The warning comes as the US, European nations and other countries strive to curtail opportunities for Russian companies and the government to circumvent existing restrictions aimed at reducing its military and economic strength due to its invasion of Ukraine.
In its latest Kazakhstan Economic Update report, the World Bank said that “a principal concern for Kazakhstan is to avoid secondary sanctions which target countries that do extensive business with sanctioned entities”.
“However, even if Kazakhstan avoids explicit secondary sanctions, investors might preemptively withhold investment for fear that such cases might transpire in future,” the report said.
The warning comes as Kazakhstan struggles to at least partially reduce its almost total dependence on Russia for its oil exports, revenues from which are a key element of the country’s budget.
Last year, international credit rating agency S&P Global Ratingslowered its outlook on Kazakhstan from stable to negative, citing potential risks with the ability of the country’s oil producers to cope with any export restrictions that Russia might impose in retaliation for international sanctions.

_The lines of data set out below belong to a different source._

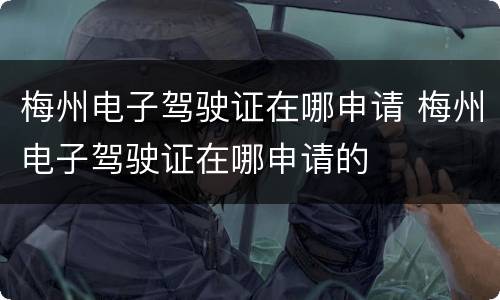 梅州电子驾驶证在哪申请 梅州电子驾驶证在哪申请的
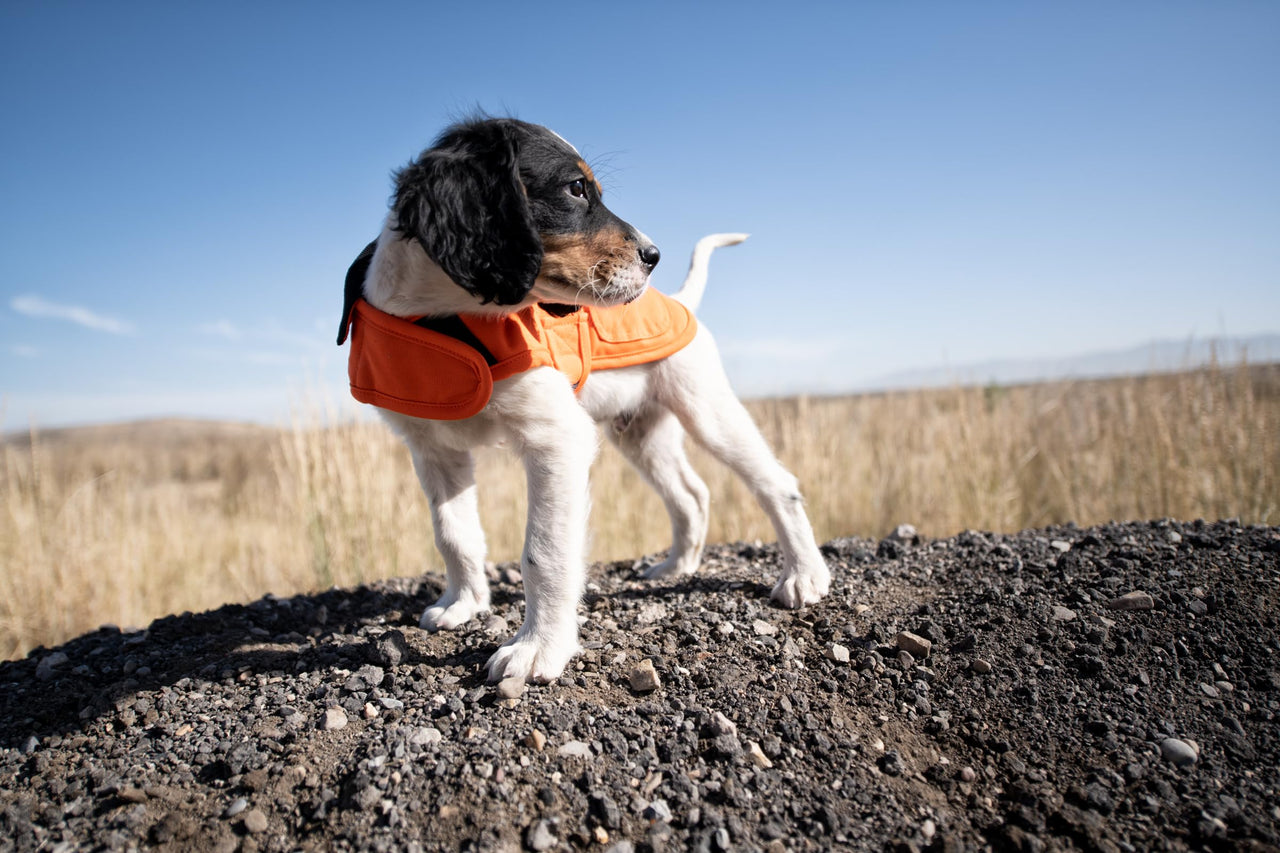 Carhartt Firm Duck Insulated Dog Chore Coat Hunter Orange/Brass LG Large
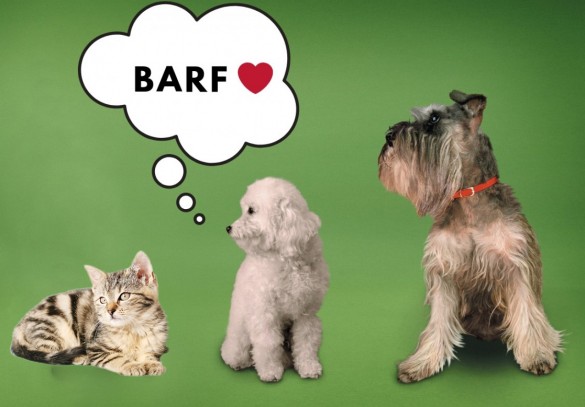 BARFen - Rohfütterung für Hund und Katze - Fleisch kaufen nahe Graz - gefroren 
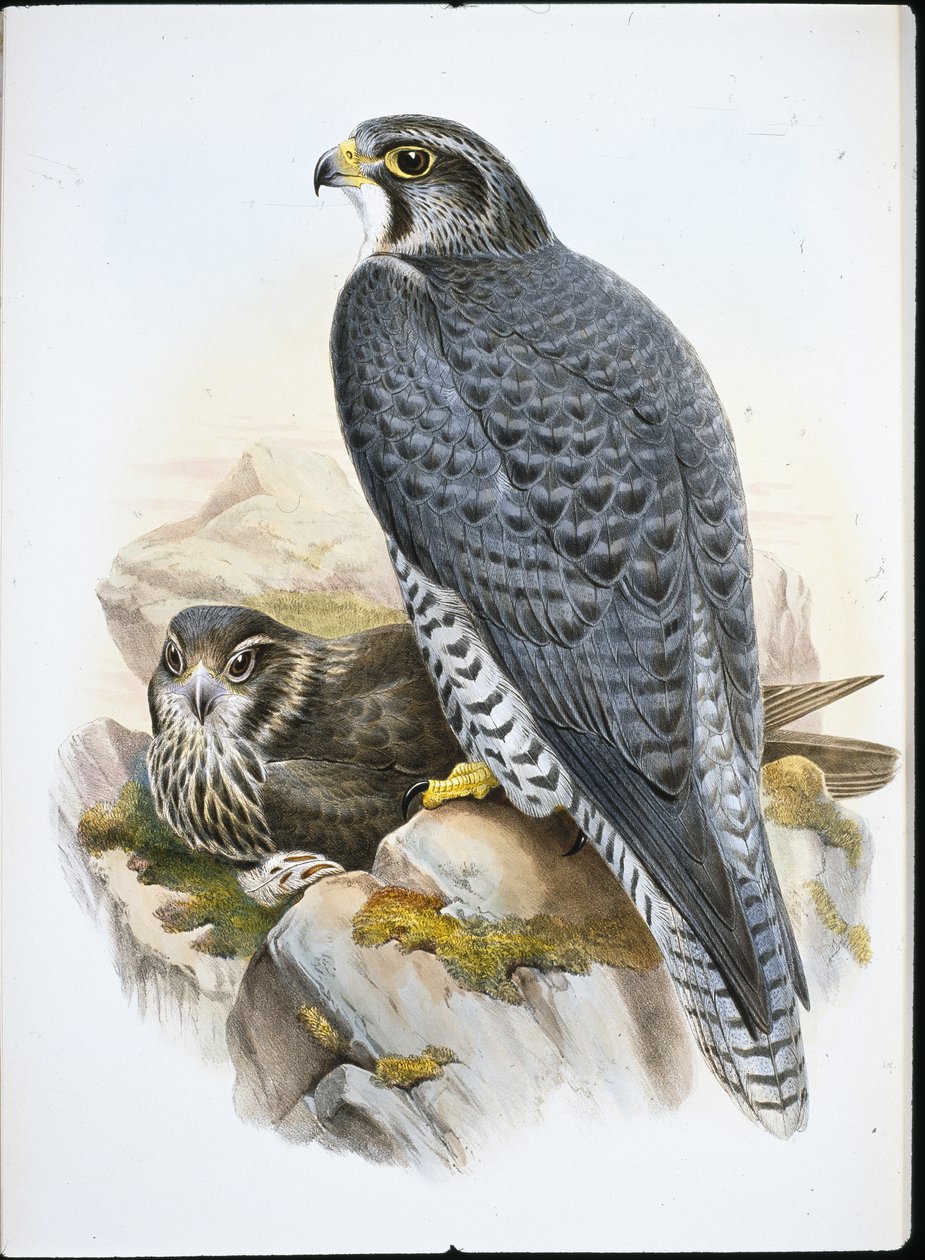Faucon gerfaut norvégien - John (after) Gould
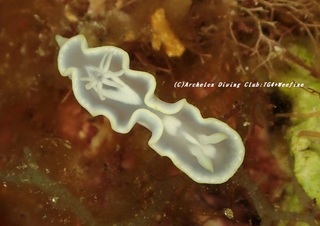 shirotae201106.jpg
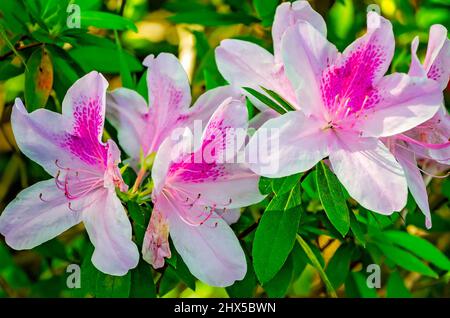 Indische Azaleen (Rhododendron simsii) blühen in Bellingrath Gardens, 4. März 2022, in Theodore, Alabama. Stockfoto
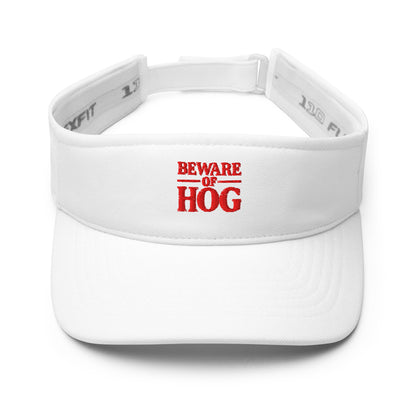 Sun Protection Visor 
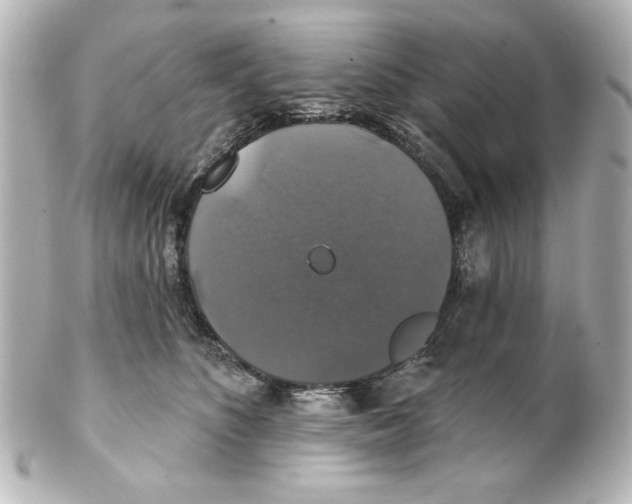 X0000101450516200808041021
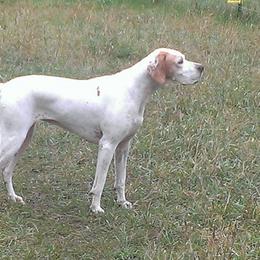 Brett - Pointer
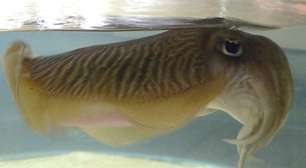 É verdade que a cor sépia é retirada de um molusco?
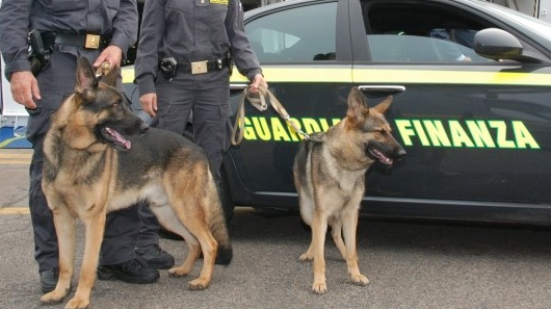Maxi sequestro di farmaci dopanti al porto di Ancona: 30mila anabolizzanti nascosti su un tir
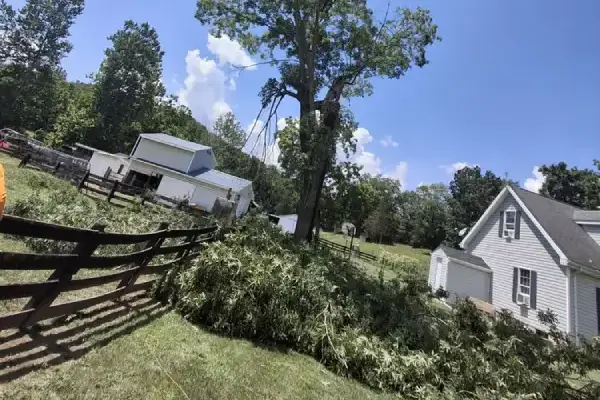 L&A Professional Tree Services' Other Services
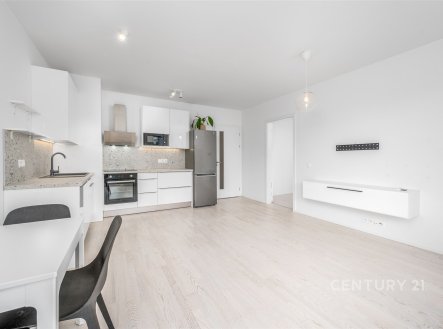 Pronájem bytu, 2+kk, 66 m²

About 80% of Kazakh oil exports transit Russia via the Caspian Pipeline Consortium-operated pipeline on the way to international markets, with another 16% flowing to the west via a network operated by Russian state oil pipeline operator Transneft.
Any further disruptions to the operation of Caspian Pipeline Consortium could lead to losses in oil production and fiscal revenues, posing downside risks to economic growth, the World Bank said in the report.

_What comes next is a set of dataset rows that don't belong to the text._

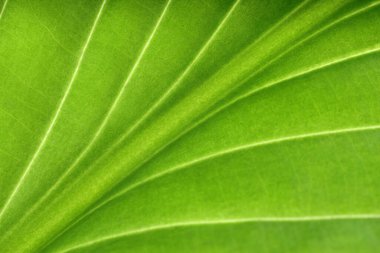 Arkaplan olarak yeşil yaprağın makro fotoğrafı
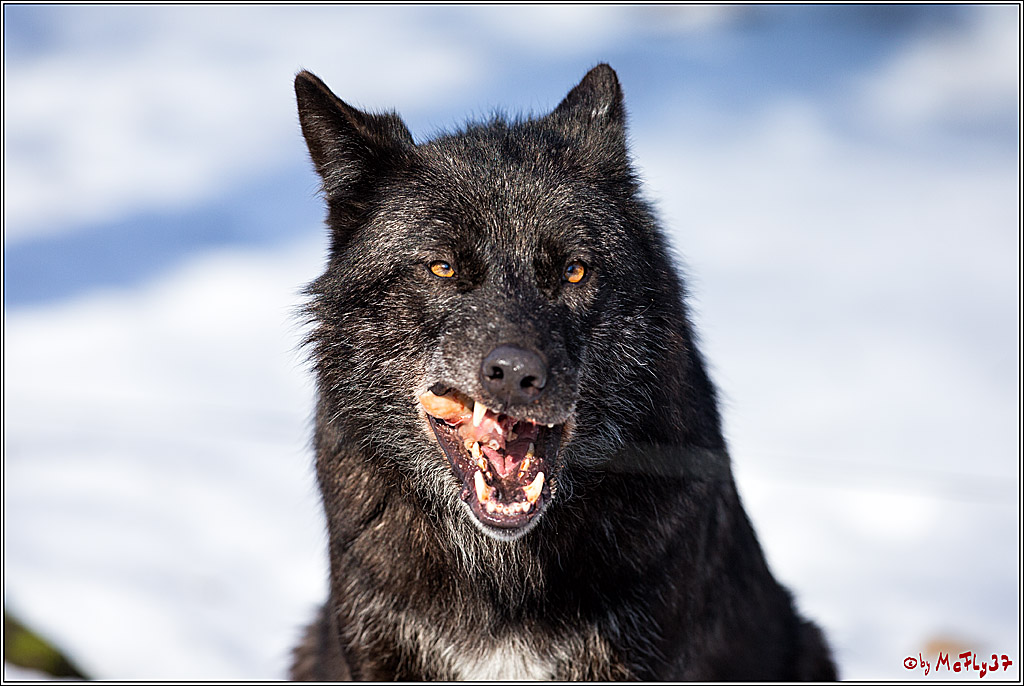 Timberwolf - Polarwolf Kasselburg, 18.02.2018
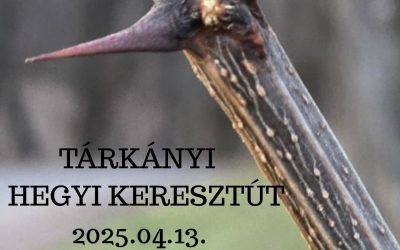 Tárkányi Hegyi Keresztút – 2025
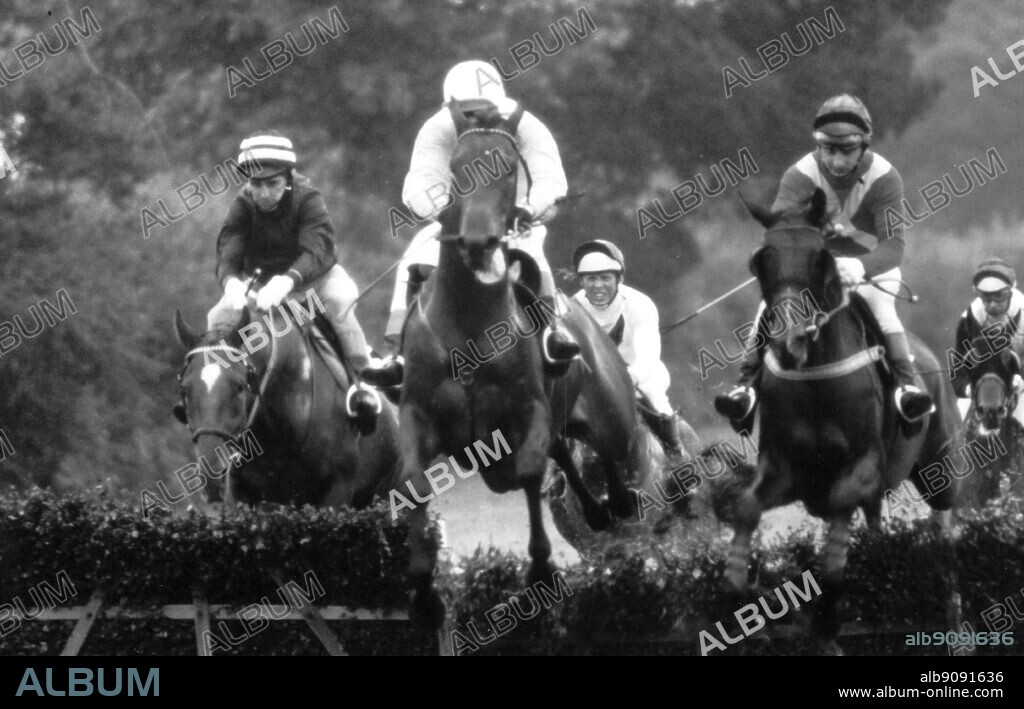 Hurdle Racing: The Singleton Novices Hurdle Race, Fontwell Park. Encyclopedia of the Horse page 194.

“The persistent high domestic inflation is a serious challenge, particularly for the most vulnerable households, and could potentially amplify the risk of social tensions,” it added.

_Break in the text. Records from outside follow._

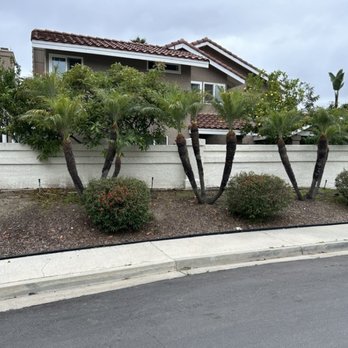 Lobato Landscaping - Original state of side yard. - Landscaping Near Me Lobato Landscaping - Original state of side yard. - Landscaping Near Me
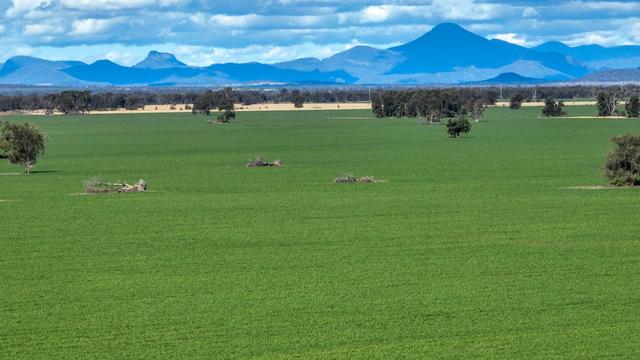 "Forest Vale", NSW 2398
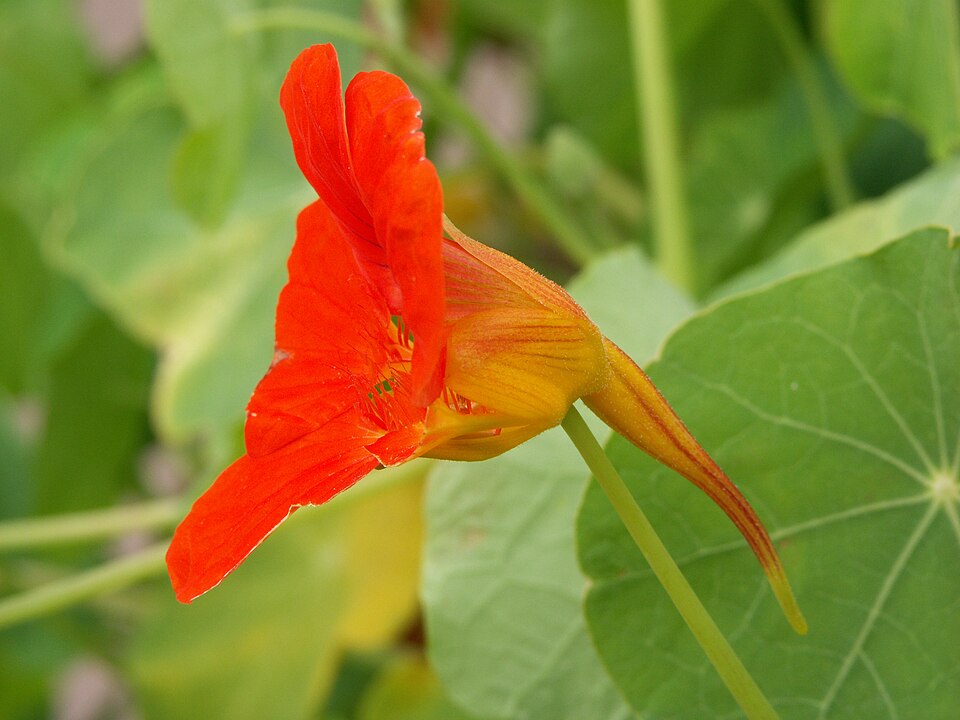Nasturtium photo 2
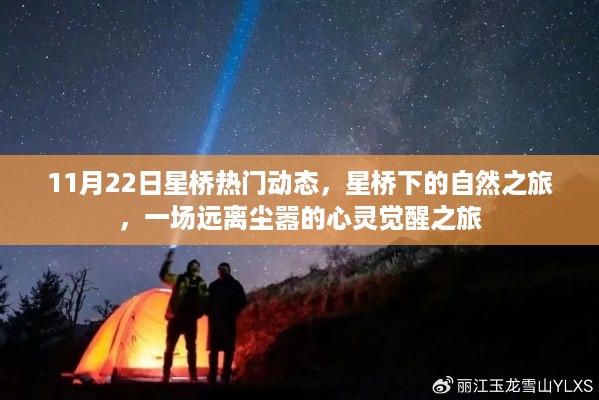 星桥下的自然之旅，心灵觉醒的星桥热门动态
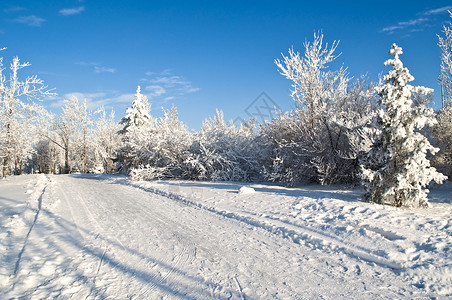 雪中的冬季公园图片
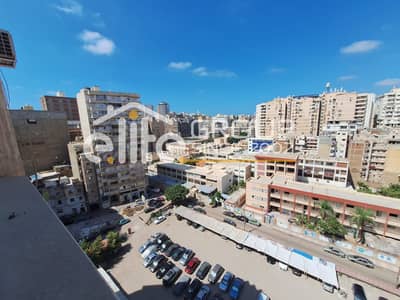 Apartment in Mustafa Kamel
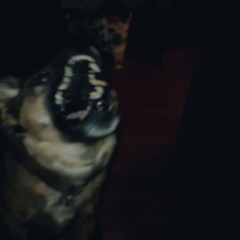canine teeth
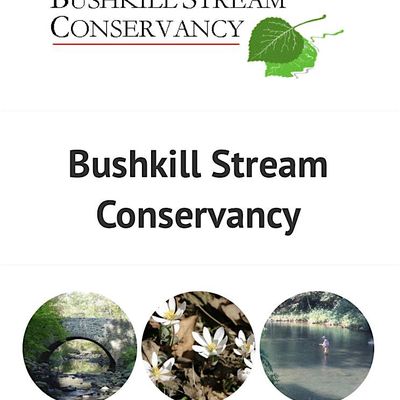 Bushkill Stream Conservancy\/Palmer Twp ESC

Dual-use goods under scrutiny
The World Bank said that dual-use — civilian and military — products that can potentially be used for Russian military activities are most likely to be targeted by secondary sanctions.
The US government has listed former Soviet Union republics in Central Asia as a potential conduit for these goods.
“Although Kazakhstan has so far not been explicitly singled out, as the war in Ukraine evolves, so will the nature of the products that will be most scrutinised,” the report said.
The US dual-use commodities list comprises 16 products and includes western oilfield equipment that oil and gas developments in Kazakhstan continue to heavily depend upon, despite years of localisation efforts.
While Kazakhstan’s global exports are dominated by hydrocarbons, its sales to Russia are more diversified and include a variety of manufactured goods.
Russia is Kazakhstan’s largest export market, representing about 10% of the country’s total, but these exports — especially products on the US list of dual-use commodities of concern — might come under threat of secondary sanctions soon, the World Bank suggested.
Russia’s importance to Kazakhstan
Despite the sanctions, Kazakhstan’s exports to Russia expanded by 25.1% year on year in 2022, led by a 3.5 times increase in machinery exports. “It is possible this reflects a substitution effect from Europe”, the report suggested.
In recent interviews, Kazakh leading opposition leader and former energy minister Mukhtar Ablyazov described Kazakhstan as becoming the “backdoor for Russia to circumvent” international sanctions.
Throughout the past year, Kazakh authorities in Astana have quietly supported Russian businesses hit by international sanctions while publicly declaring their backing of Ukraine’s sovereignty, Ablyazov said.
The World Bank said that “Kazakhstan has the potential to attract relocations of Russian firms seeking to avoid sanctions, in areas which Kazakhstan already has overlapping capabilities, such as in the production of foodstuffs, machinery, transport vehicles and services.”
Ablyazov estimates that 20% to 30% of the Kazakh population are ethnic Russians or have strong Russian connections. Most of them are likely to have a pro-Russian stance as the country’s media landscape is dominated by Russian state television.